EMEP, ÖDP ve DEHAP temsilcileri, istifaların Türkiye'deki seçim sisteminin ve siyasi partiler yasasının antidemokratik uygulamalarından kaynaklandığını söyledi.
Siyasi partilerin hazineden aldıkları devlet yardımına ilişkin yasanın değiştirilmesiniyse, yalnızca ANAP ve SHP'ye yönelik olmadığını belirterek, bunu demokratik çevrelerin önünü kesmeye yönelik bir girişim olarak yorumladılar.
28 Mart 2004 yerel seçimlerinde, SHP'yle ittifak oluşturan partiler, ittifakın sürdürülemeyişini de yorumladı.
SHP temsilcisi Uğur Cilasun, 5 milletvekilinin CHP'den istifa ettikten sonra partilerine katılmasını "solun kefeni yırtması" olarak yorumlarken, siyasi partilerde liderlerin görev süresinin sınırlandırılmasını ve delege sisteminin kalkması gerektiğini söyledi. İttifaka ilişkinse, seçim bitince koşulların ortadan kalktığını söyledi.

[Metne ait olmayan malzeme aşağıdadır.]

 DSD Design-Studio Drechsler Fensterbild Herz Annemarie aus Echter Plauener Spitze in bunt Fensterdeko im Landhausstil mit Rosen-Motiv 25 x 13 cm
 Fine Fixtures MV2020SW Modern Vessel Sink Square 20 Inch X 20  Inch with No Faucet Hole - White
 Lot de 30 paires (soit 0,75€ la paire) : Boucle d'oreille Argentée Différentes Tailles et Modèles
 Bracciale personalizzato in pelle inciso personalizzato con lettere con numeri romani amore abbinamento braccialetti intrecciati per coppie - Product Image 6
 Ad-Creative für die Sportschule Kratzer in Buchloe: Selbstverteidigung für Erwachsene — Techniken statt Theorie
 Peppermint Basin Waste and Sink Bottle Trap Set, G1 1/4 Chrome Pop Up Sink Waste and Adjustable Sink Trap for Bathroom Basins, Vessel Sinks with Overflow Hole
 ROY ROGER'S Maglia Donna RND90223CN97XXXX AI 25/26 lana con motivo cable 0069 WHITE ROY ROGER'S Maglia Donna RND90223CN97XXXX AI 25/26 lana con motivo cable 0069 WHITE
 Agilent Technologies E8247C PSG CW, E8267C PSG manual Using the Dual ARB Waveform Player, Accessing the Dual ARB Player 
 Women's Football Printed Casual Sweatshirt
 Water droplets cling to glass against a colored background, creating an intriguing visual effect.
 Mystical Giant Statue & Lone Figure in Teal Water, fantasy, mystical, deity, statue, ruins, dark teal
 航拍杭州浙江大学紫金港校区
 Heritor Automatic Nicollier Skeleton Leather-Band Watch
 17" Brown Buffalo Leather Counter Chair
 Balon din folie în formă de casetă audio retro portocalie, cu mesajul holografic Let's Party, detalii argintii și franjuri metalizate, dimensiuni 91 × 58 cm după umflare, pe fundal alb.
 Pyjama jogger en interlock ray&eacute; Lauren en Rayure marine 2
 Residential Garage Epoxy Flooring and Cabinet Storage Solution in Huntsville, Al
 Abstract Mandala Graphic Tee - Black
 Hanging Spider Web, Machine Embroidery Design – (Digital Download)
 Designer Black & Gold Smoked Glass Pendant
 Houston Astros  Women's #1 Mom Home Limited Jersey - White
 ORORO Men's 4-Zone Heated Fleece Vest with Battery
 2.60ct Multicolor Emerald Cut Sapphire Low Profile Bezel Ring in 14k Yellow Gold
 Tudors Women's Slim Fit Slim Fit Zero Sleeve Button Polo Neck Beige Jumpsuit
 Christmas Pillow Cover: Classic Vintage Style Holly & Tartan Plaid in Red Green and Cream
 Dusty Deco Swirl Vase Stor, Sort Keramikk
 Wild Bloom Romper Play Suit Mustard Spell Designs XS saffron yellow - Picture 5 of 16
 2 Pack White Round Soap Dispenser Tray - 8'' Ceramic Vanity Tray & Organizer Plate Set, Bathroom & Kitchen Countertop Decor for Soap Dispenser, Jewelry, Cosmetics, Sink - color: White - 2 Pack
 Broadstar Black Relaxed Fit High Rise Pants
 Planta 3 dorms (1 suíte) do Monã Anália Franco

Mustafa Yalçıner (EMEP): Devlet yardımına da, barajlara da karşıyız
Emeğin Partisi Genel Başkanı Mustafa Yalçıner, milletvekili istifalarında ve beraberinde gelen transferlerde şaşılacak bir şeyin olmadığını belirterek, "Son birkaç aydır AKP'de hükümet edememekten, CHP'deyse muhalefet edememekten kaynaklı bir kargaşa yaşanıyordu" dedi.
İstifalar: "AKP iki yıldır abartılarak desteklenmiş ve sermaye tarafından kendisine olduğundan fazlası vehmedilmiştir. Bu destek istek ve dayatmalar üzerine kuruluydu. Ayak sürçmeler başlayınca, sermayenin AKP'ye yönelik eleştiri ve baskıları artmış, bu içerde karışıklığa yol açmış istifaların da yolu açılmıştır.
CHP'den ise hemen hiç kimsenin umudu yoktur. CHP kendisi için en elverişli denebilecek dönemde bile muhalefet olamamıştır. Ve üstelik halkın taleplerine en küçük bir yaklaşımı olmadığı gibi kendisi de demokrasiden nasibini almamıştır. Dolayısıyla istifalar ve transferlerde şaşılacak şey yoktur."
Devlet yardımı: "Marj yükseltilmesi ne SHP ne de ANAP'a yönelik bir yaptırımdır. Halkın demokratik güçlerinin bugünden potansiyelini taşıdığı görülen gelişmesini önünü kesmeye yöneliktir. Biz zaten partilere devlet yardımı konusuna kökten karşıyız. Partilere devlet yardımı bütünüyle kaldırılmalı, düzen partilerinin bir de devlet tarafından halkın vergileriyle finansmanına son verilmelidir."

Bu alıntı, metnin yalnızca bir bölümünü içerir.